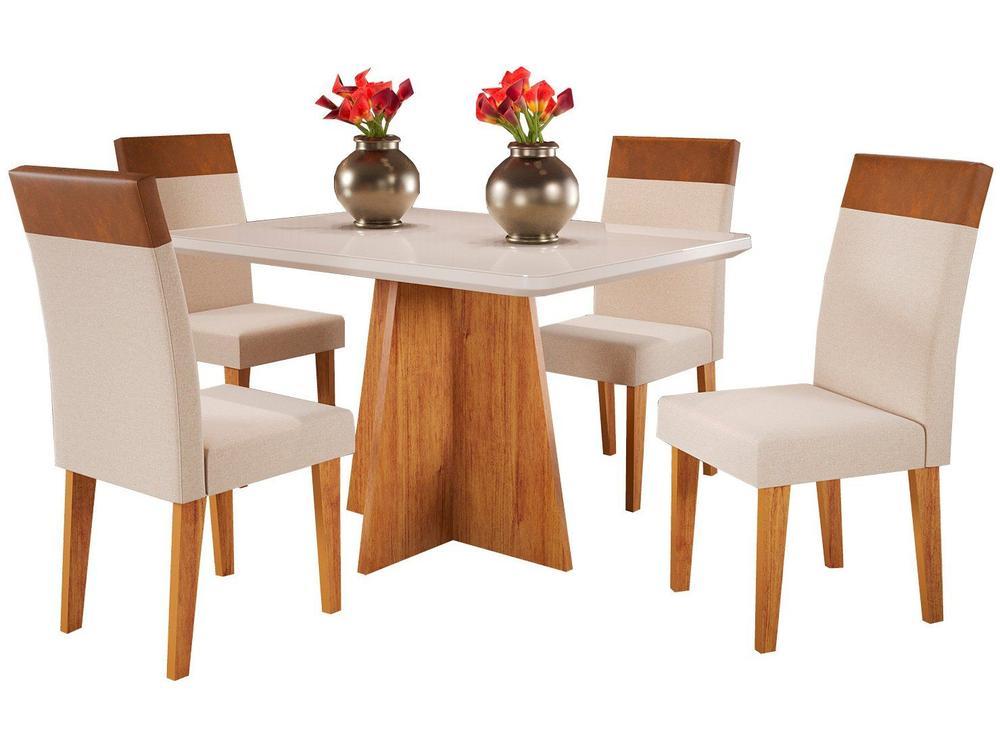 Mesa de Jantar 4 Cadeiras Retangular Tampo de MDF com Vidro Mel e Off White Viena - 5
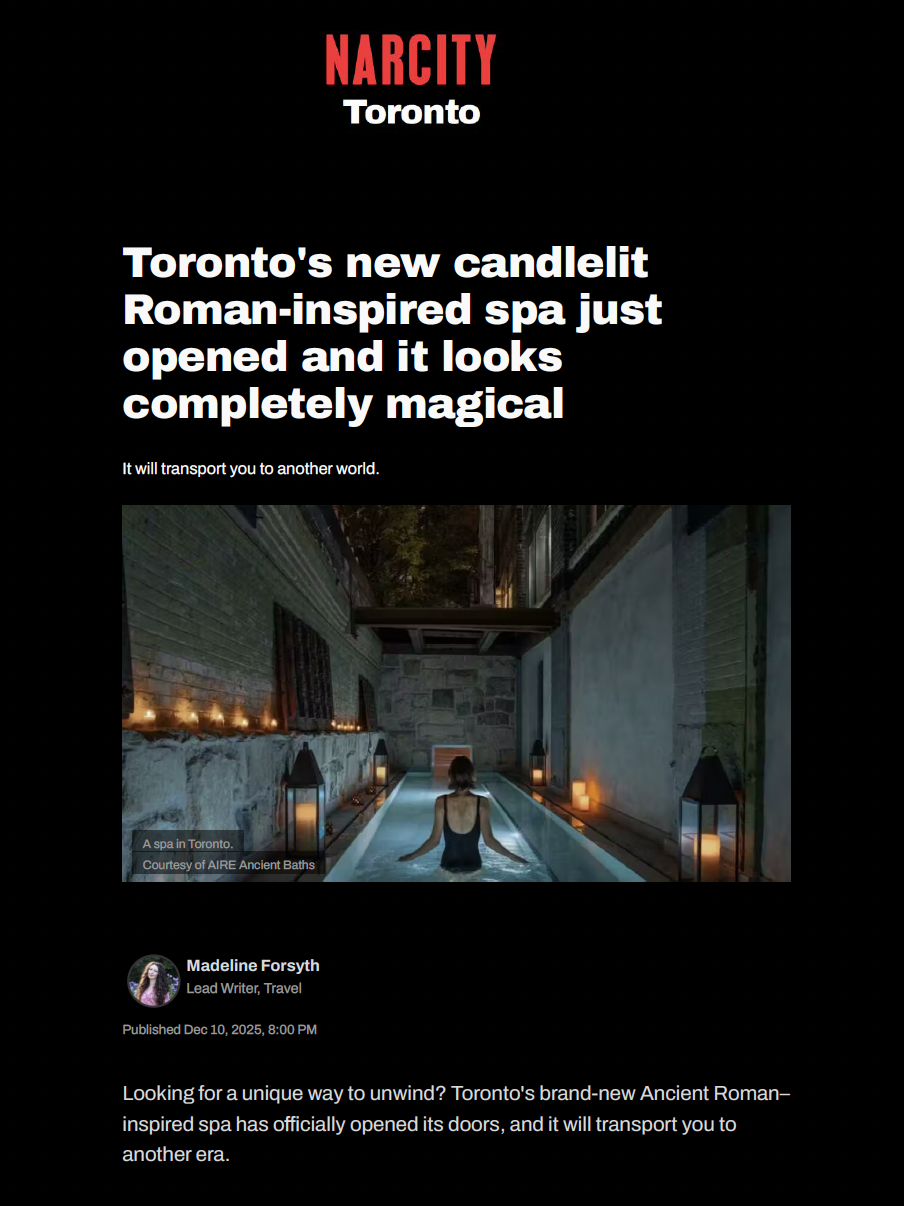 Narcity: Toronto's new candlelit Roman-inspired spa just opened and it looks completely magical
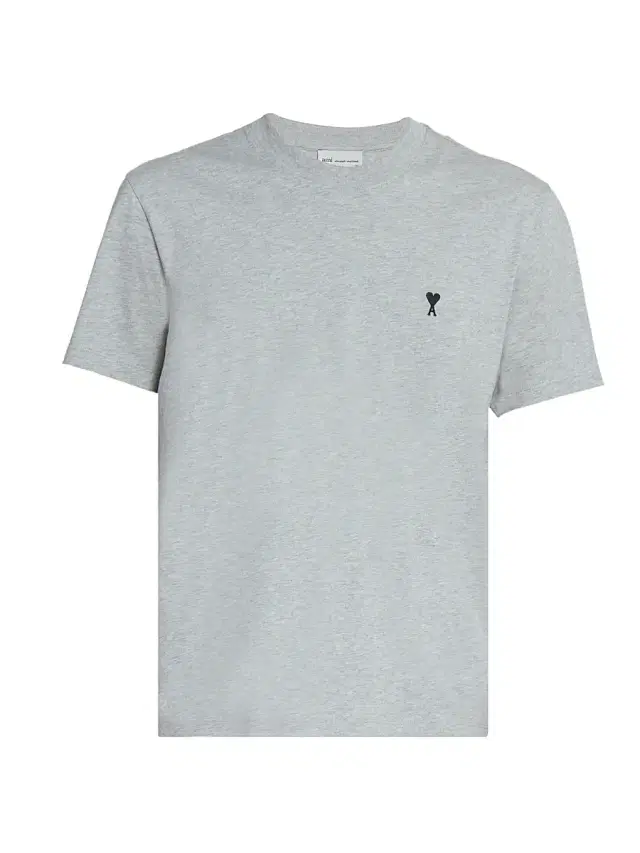 Men's Contrasted Ami de Coeur Cotton T-Shirt - Gris Cendre Chine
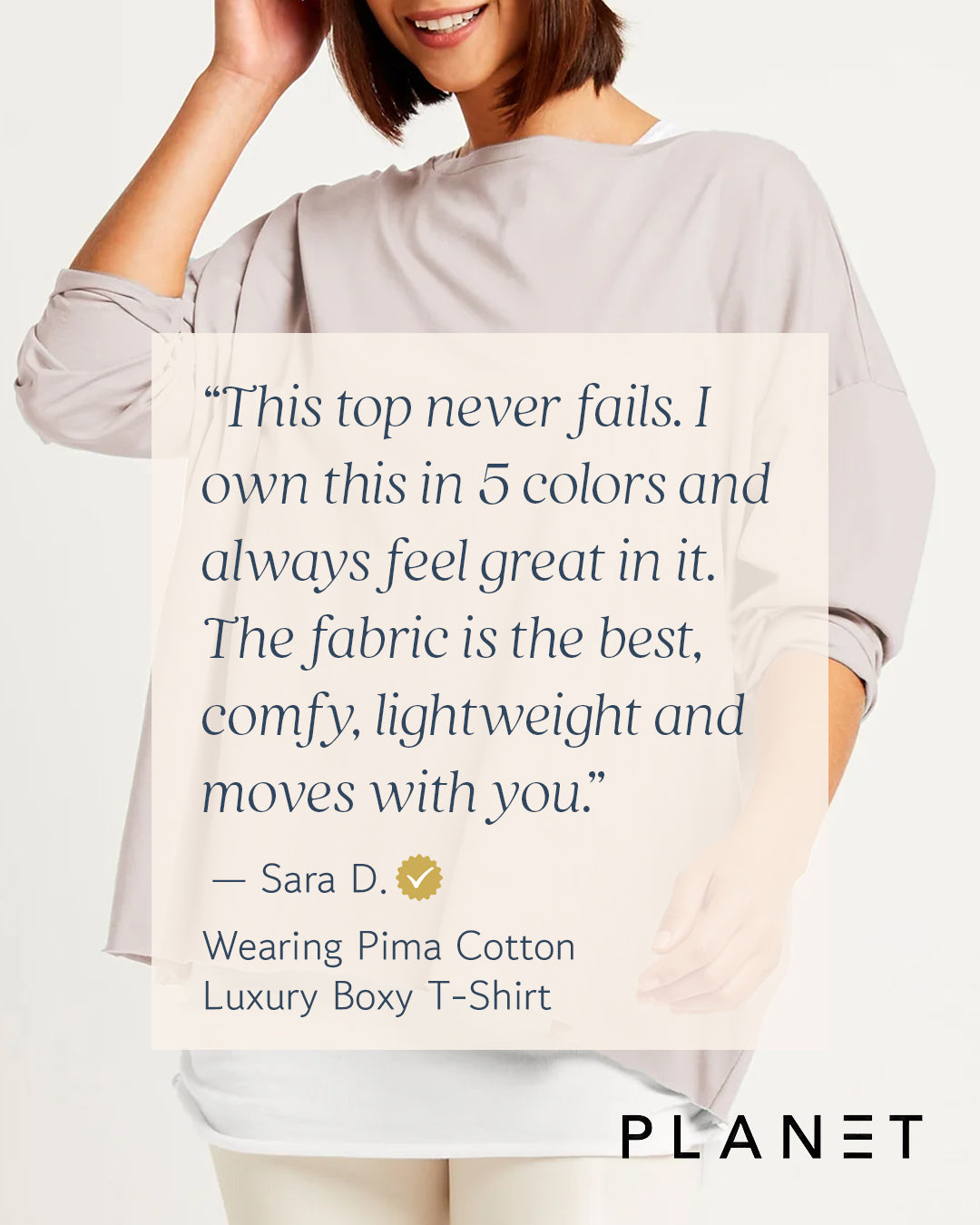 Pima Cotton Luxury Boxy T-Shirt - Lake - PLANET by Lauren G - Flyclothing LLC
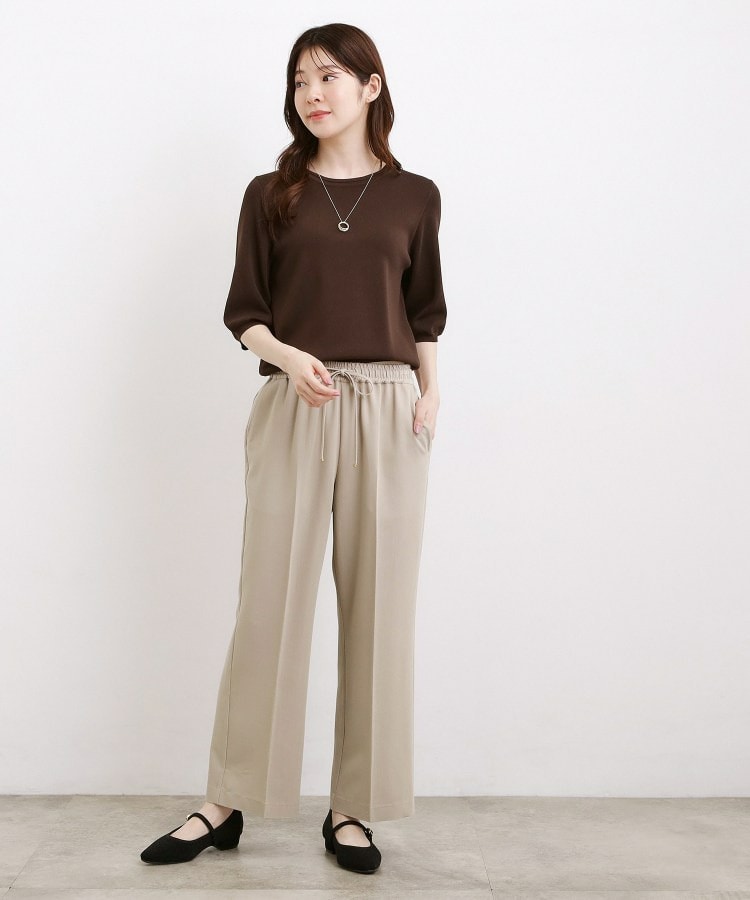 楽ちんできれい見え デニムライクストレッチドロストパンツ8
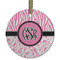 Zebra & Floral Frosted Glass Ornament - Round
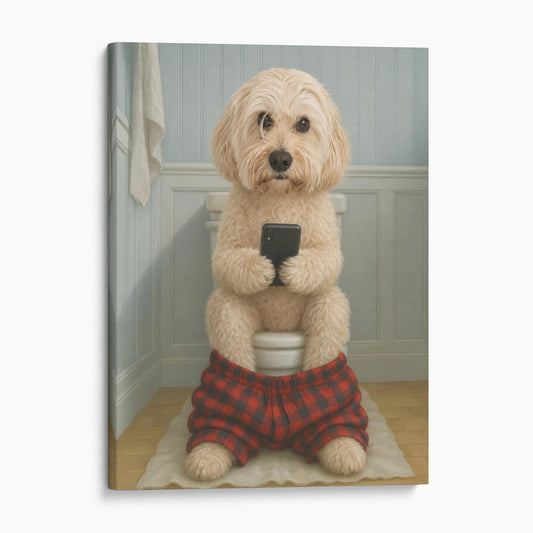 Cockapoo Dog On The Phone On The Toilet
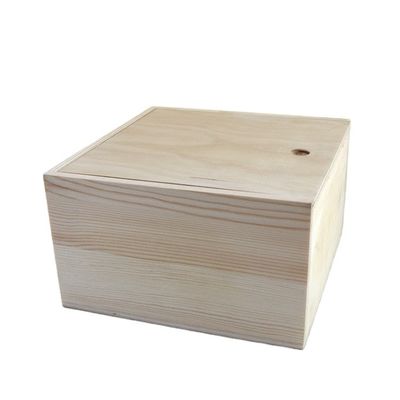 Cassa di legno non finita di peso leggero grande con coperchio a diapositiva di colore naturale Legno compensato di tipo legno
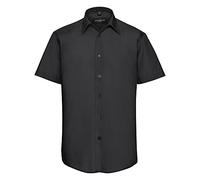 Russell Collection Mens Short Sleeve Poly-Cotton Easy Care Tailored Poplin Shirt (M) (Black)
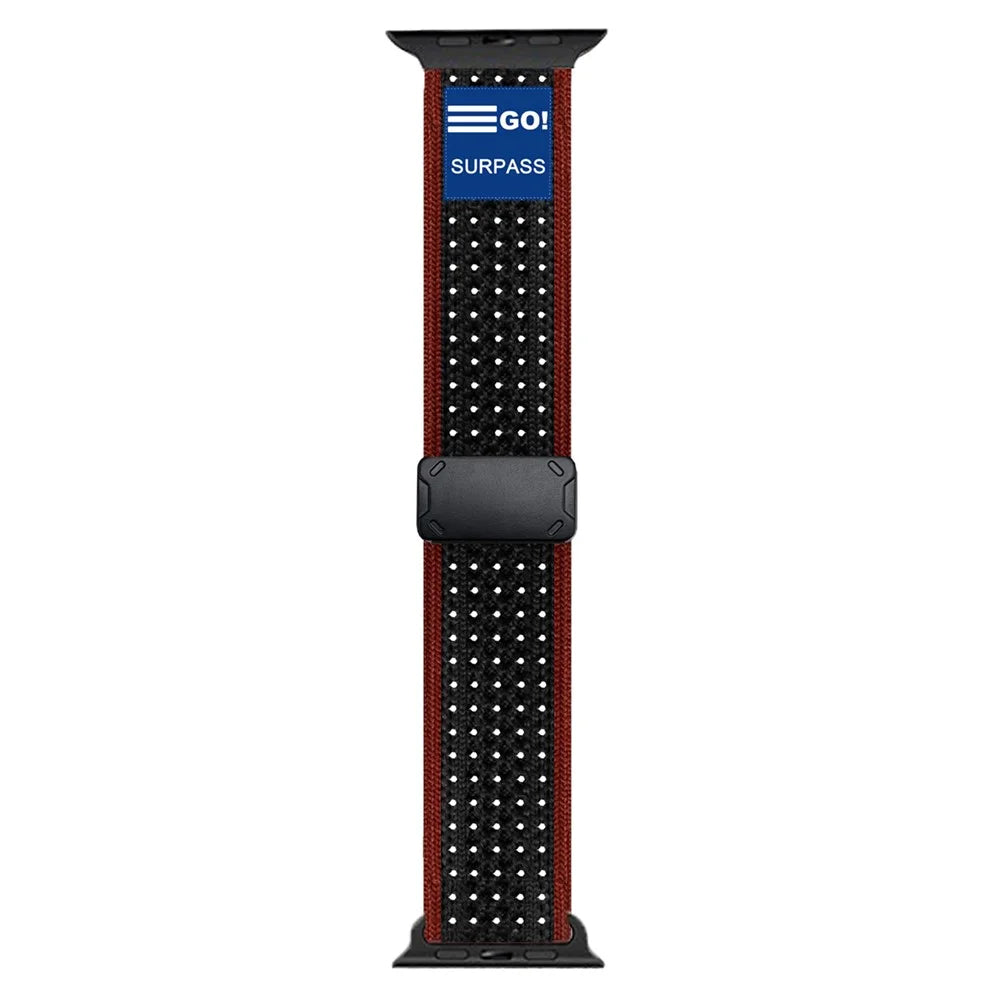 Replacement Strap for Apple Watch Ultra 3 2 1 49mm / Series 11 10 46mm / 9 8 7 45mm / SE3 SE2 SE 6 5 4 44mm / 3 2 1 42mm Magnetic Buckle Knitted Watch Band - Black / Red - 1
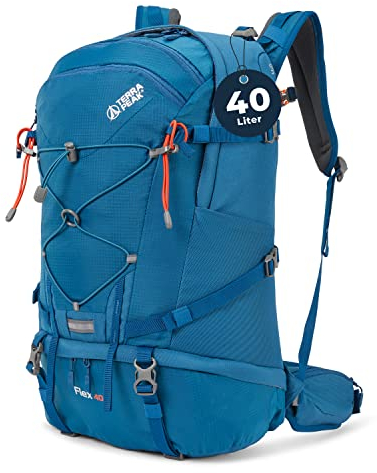 Terra Peak Wanderrucksack 40L Damen Herren Flex 40 Erwachsene blau - Outdoor Trekking- Touren- Wasserdichter Daypack Tages- Survival Wander-Rucksäcke leicht zum Wandern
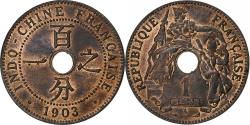 World Coins - French Indochina, 1 Centième, 1903, Paris, Bronze,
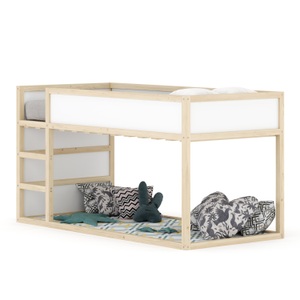 undefined, Kinderbett Hochbett BOSWIL 90 x 200 cm 2-in-1 natur/weiss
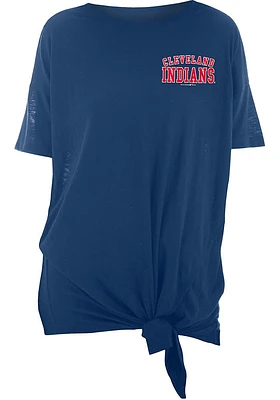 New Era Cleveland Guardians Womens Navy Blue Slub Side Tie Short Sleeve T-Shirt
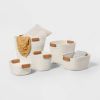 Small Cream Tapered Basket, 13 Inch Square Base Decorative Coiled Rope Basket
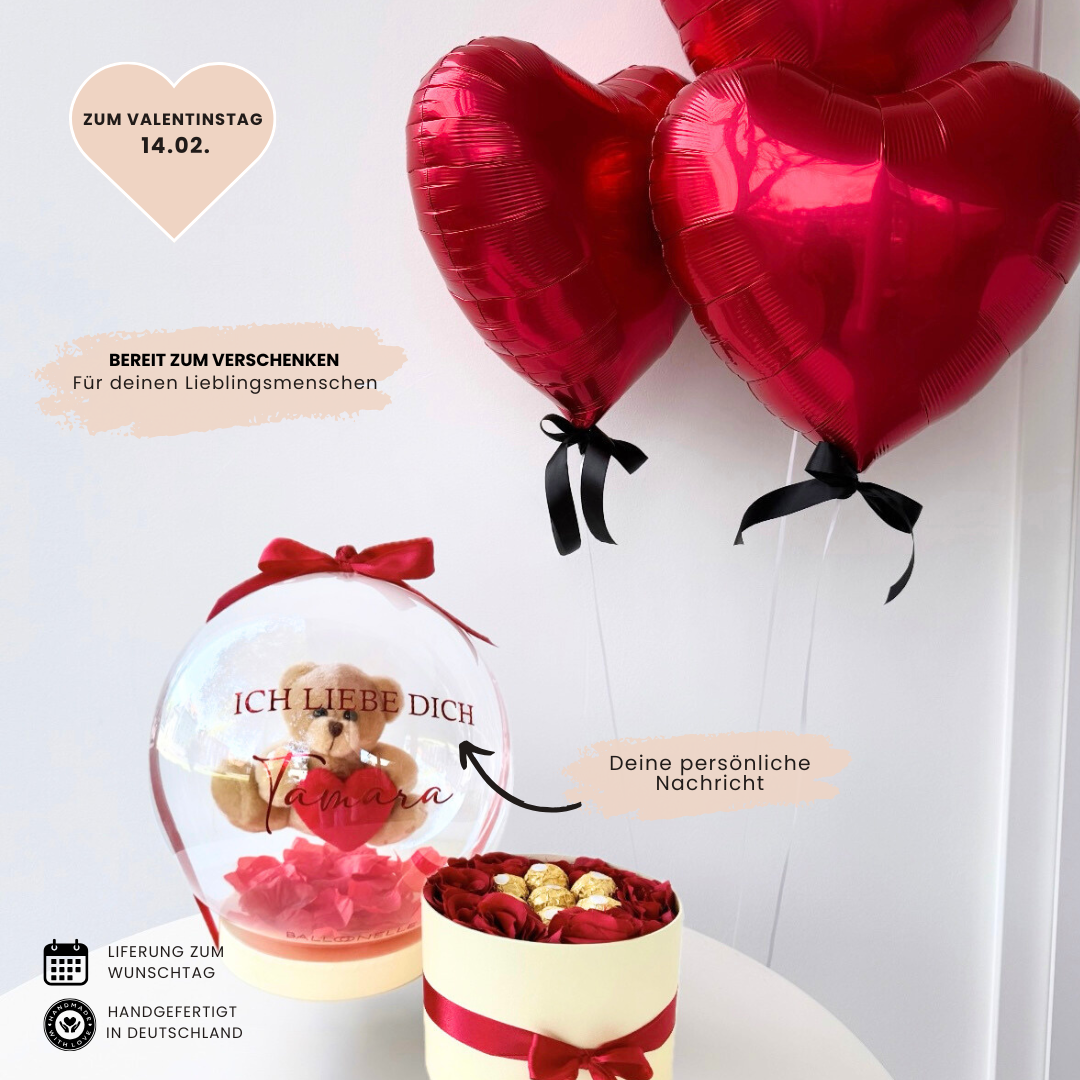 Personalisierte Ballon Teddybox Geschenkset Valentinstag mit Herzballons - heliumgefüllt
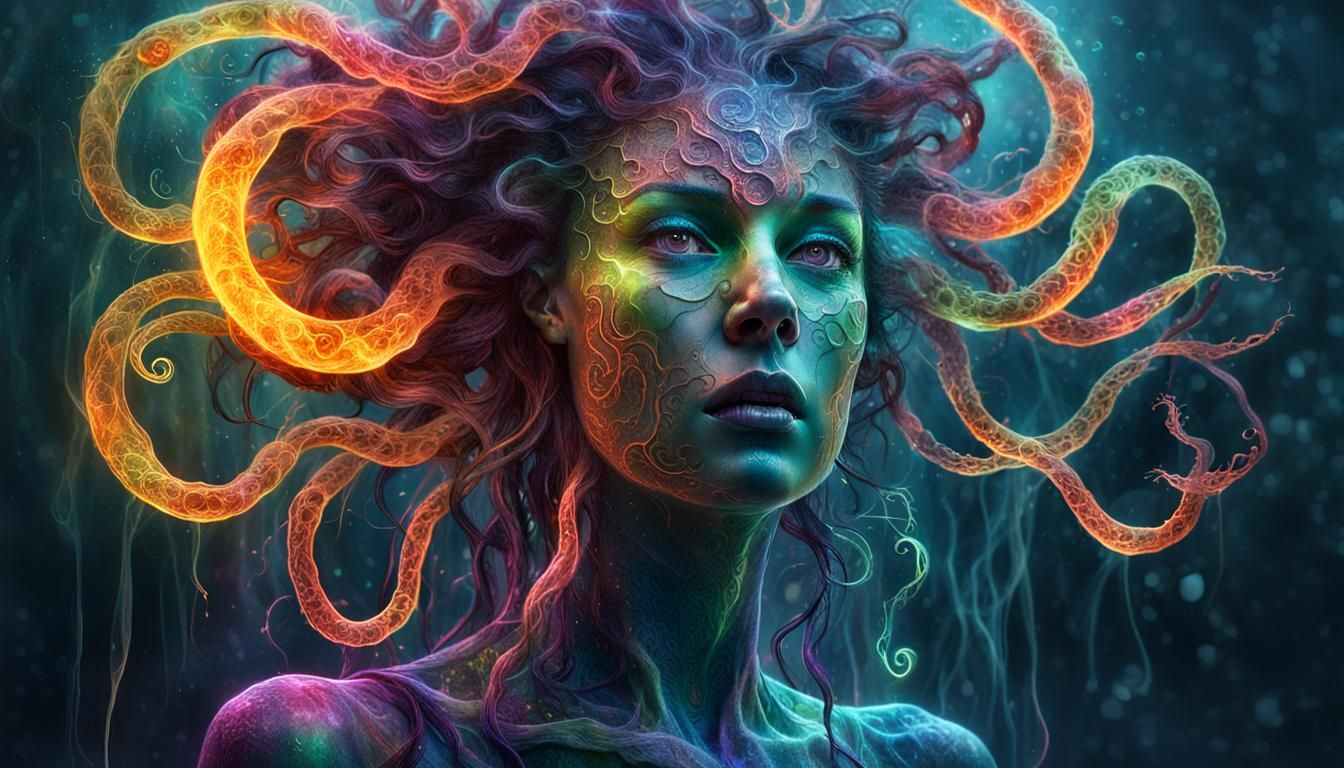 Glowing Medusa Made of Ghostly Flames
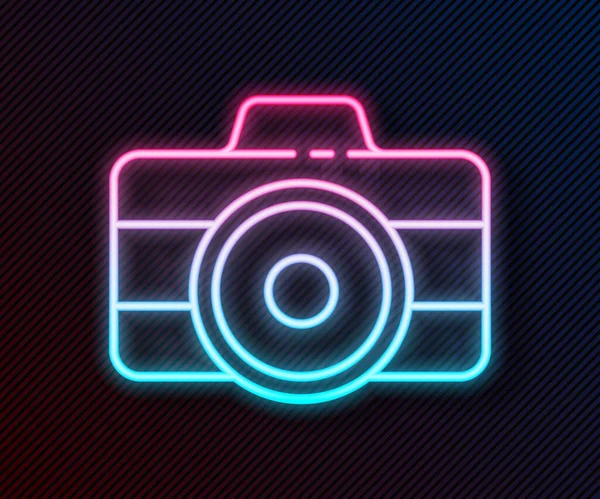 ネオンラインの輝き黒い背景に隔離された写真カメラのアイコン カメラのアイコン ベクターイラスト — ストックベクタ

^^^^

WORK ITEM:
In the records, the line containing "Personalisierte Ballon Teddybox" starts the span and the final line ends it. Output exactly that span, both ends included, with no pictures and nothing else.

RESPONSE TO THIS EXERCISE:
 Personalisierte Ballon Teddybox Geschenkset Valentinstag mit Herzballons - heliumgefüllt
 Glowing Medusa Made of Ghostly Flames
 ネオンラインの輝き黒い背景に隔離された写真カメラのアイコン カメラのアイコン ベクターイラスト — ストックベクタ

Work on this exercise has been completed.